■ WHAT YOU SHOULD DO
Go through the data and copy each line where the string "Long" appears.

■ Short text fragments from websites

■ ■ ■

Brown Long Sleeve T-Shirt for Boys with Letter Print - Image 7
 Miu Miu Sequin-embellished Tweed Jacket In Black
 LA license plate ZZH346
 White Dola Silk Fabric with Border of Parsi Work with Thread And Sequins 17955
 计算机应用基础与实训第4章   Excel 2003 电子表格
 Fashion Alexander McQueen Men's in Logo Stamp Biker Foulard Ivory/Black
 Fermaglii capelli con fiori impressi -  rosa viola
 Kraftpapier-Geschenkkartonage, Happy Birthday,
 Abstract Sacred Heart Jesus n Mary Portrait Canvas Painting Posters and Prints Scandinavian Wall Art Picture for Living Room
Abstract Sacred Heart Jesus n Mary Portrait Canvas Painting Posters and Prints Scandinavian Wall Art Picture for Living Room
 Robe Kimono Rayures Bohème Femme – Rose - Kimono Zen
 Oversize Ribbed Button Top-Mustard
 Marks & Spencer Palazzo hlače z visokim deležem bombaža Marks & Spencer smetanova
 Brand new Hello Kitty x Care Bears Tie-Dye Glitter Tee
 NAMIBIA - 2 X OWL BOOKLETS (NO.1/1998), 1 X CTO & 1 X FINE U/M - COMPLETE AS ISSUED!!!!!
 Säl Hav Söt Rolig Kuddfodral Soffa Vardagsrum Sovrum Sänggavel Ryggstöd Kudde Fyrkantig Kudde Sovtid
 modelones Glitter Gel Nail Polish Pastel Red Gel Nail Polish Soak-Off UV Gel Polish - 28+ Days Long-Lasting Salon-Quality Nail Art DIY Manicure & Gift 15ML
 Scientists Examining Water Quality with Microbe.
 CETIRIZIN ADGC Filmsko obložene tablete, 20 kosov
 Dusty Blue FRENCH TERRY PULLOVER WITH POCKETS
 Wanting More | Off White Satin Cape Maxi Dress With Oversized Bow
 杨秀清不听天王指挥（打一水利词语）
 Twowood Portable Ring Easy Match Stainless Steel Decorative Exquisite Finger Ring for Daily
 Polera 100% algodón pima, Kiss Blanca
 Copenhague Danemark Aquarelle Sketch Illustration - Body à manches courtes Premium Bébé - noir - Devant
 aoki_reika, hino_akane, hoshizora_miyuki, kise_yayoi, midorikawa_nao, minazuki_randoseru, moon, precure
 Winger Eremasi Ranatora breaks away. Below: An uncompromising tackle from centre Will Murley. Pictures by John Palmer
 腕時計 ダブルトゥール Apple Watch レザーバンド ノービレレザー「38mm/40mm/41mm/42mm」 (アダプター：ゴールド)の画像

■ ■ ■

■ SOLUTION TO THIS PROBLEM
Brown Long Sleeve T-Shirt for Boys with Letter Print - Image 7
 modelones Glitter Gel Nail Polish Pastel Red Gel Nail Polish Soak-Off UV Gel Polish - 28+ Days Long-Lasting Salon-Quality Nail Art DIY Manicure & Gift 15ML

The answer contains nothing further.